Espaces verts méprisés
Mais l’abattage des arbres et l’élargissement des rues pour les voitures ont des conséquences mortelles. “En janvier 2020, 29 personnes sont mortes dans des accidents de voiture, car l’État a transformé les rues en autoroutes. Aujourd’hui, on recense deux ou trois victimes chaque semaine”, ajoute-t-il.
Selon Alternative Policy solutions (APS), un projet de recherche lancé par l’Université américaine du Caire, la capitale égyptienne a perdu environ 911 000 mètres carrés d’espaces verts entre 2017 et 2020. Les deux quartiers d’Héliopolis et l’est de la ville de Nasr ont perdu 584 000 mètres carrés pendant cette période. Mais pour Heliopolis Heritage Initiative, les espaces verts détruits dans ces deux quartiers pourraient atteindre 1,2 million de mètres carrés, jusqu’à aujourd’hui.
“Le problème est que les responsables égyptiens méprisent les espaces verts. Lors d’une rencontre avec un responsable pour parler de ces destructions, il nous a répondu : Pourquoi voulez-vous des arbres dans la ville ? Vous pouvez les trouver dans les terrains agricoles !”, explique Shoukry.
Initiative "ridicule"
Ces destructions, qui ont touché tout Le Caire et aussi d’autres villes, ont laissé les Égyptiens aux abois sous une chaleur inédite, qui a atteint à de nombreuses reprises cet été les 40 degrés. “Dans les rues, les piétons ne trouvent plus un arbre pour se mettre à l’ombre pendant la journée. La chaleur du Caire est devenue insupportable”, déplore auprès de La Libre Mohamed Younis, chercheur en justice environnementale à l’ONG Egyptian Initiative for Personal Rights (EIPR). “L’État ne comprend pas que la destruction des arbres et des espaces verts a des effets économiques catastrophiques pour l’État comme pour la population. Les gens utilisent de plus en plus de climatisations électriques, se déplacent plus en voiture, et souffrent de maladies à cause de la chaleur et la pollution. Tout cela constitue un fardeau sur les services de l’État et le budget”.

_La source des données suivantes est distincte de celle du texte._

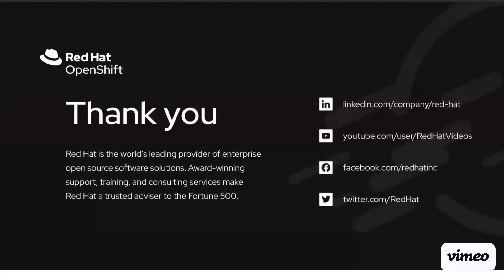And that's it. That's our demo of OpenShift on Oracle Cloud Infrastructure. Thank you so much.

Selon APS, la surface d’espace vert par habitant, au Caire, ne cesse de diminuer ces dernières années, notamment en raison de ces destructions. Entre 2017 et 2020, celle-ci a diminué de 0,87 à 0,74 mètre carré, alors que la moyenne mondiale est de neuf mètres carrés.

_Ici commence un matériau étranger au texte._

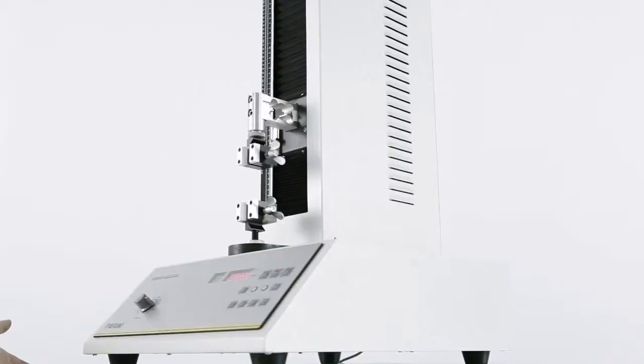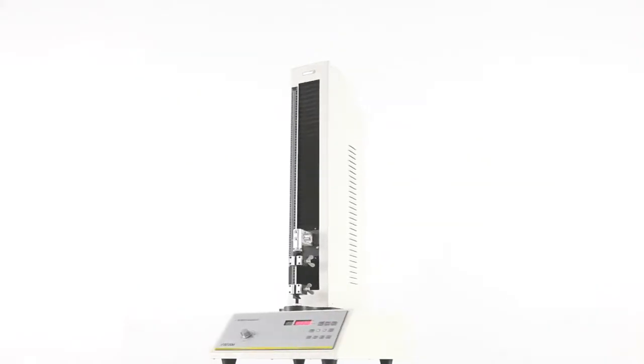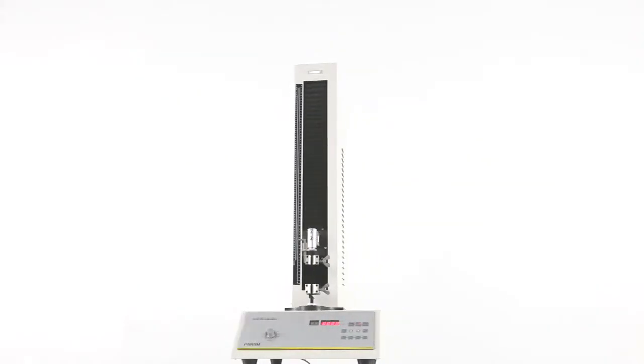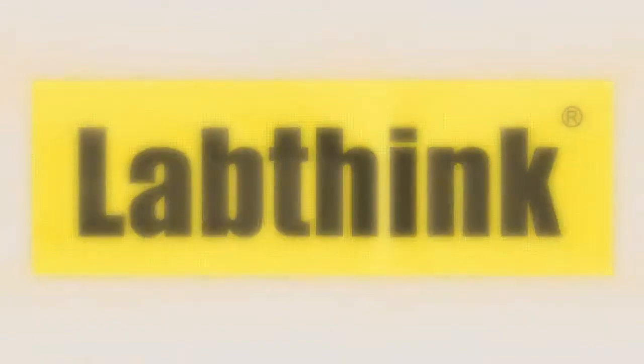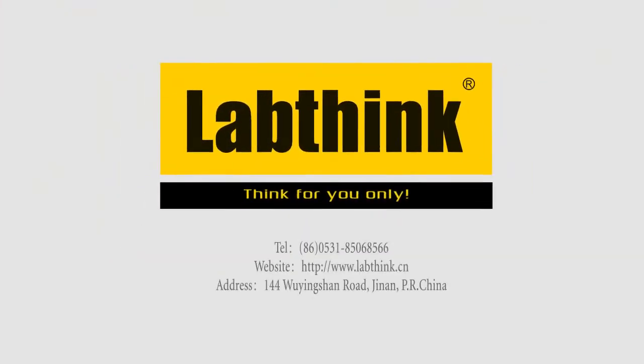XLWB, your excellent choice for an economic tensile tester. LabThink, think for you only.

En 2020, le gouvernement a lancé l’initiative “Ethadar Lil Akhdar” (se préparer pour le vert) afin de sensibiliser les citoyens à la problématique de l’environnement. “C’était ridicule. Le gouvernement organise des colloques dans le cadre de l’initiative, et à cent mètres de là, des ouvriers de l’État coupent les arbres dans une rue. C’est le gouvernement qui a besoin de sensibilisation”, dit Mohamed Younis.

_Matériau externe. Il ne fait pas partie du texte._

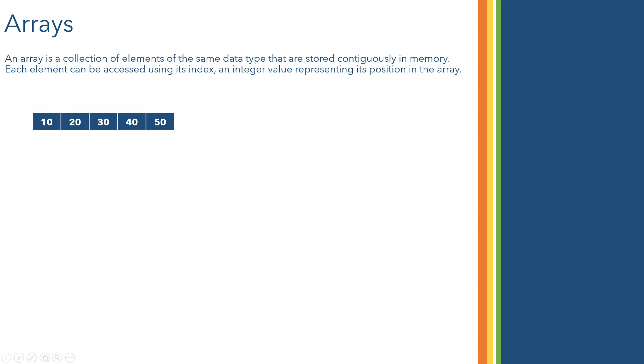So this is an array and in the array contains elements like 10, 20, 30, 40 and 50 and you can access these elements using indices. That's indices. Array index will start from 0 and it will go till size minus 1.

“Sortir dans la rue pendant la journée fait courir un grand risque par cette chaleur. Il est inimaginable de voir des autorités hostiles aux arbres comme celles d’aujourd’hui”, lance d’un rire triste Shoukry Asmar, en lisant sur son portable un avertissement du gouvernement aux citoyens concernant les coups de soleil.